### EXERCISE OBJECTIVE:
Once the line holding "Hollersbach im Pinzgau" is found in the entries below, transcribe exactly every line up to and including the one holding "Vegan bombeta at", but leave out the pictures.

### TASK MATERIAL:

####

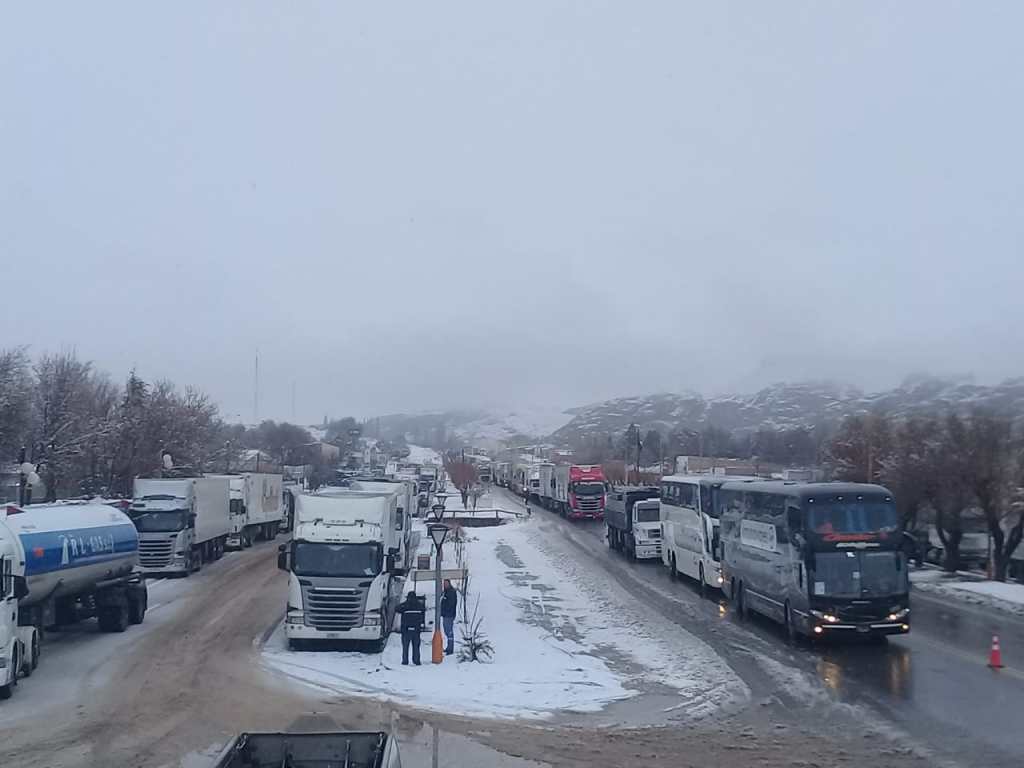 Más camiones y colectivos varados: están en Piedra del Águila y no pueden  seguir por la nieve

####

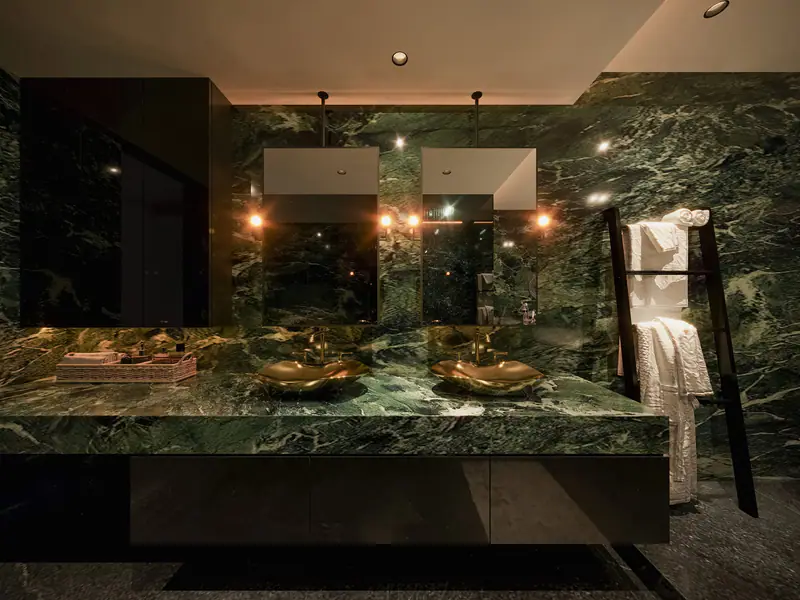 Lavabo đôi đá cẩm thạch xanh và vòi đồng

####

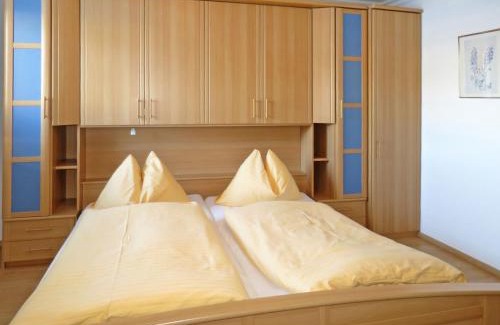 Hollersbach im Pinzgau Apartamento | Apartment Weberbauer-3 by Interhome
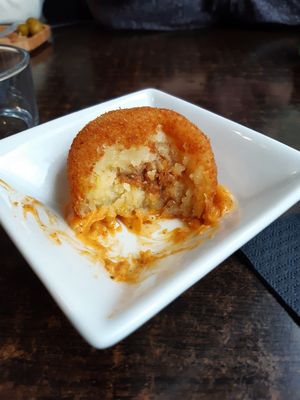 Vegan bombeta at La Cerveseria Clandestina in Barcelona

####

### SOLUTION TO THIS TASK:
 Hollersbach im Pinzgau Apartamento | Apartment Weberbauer-3 by Interhome
 Vegan bombeta at La Cerveseria Clandestina in Barcelona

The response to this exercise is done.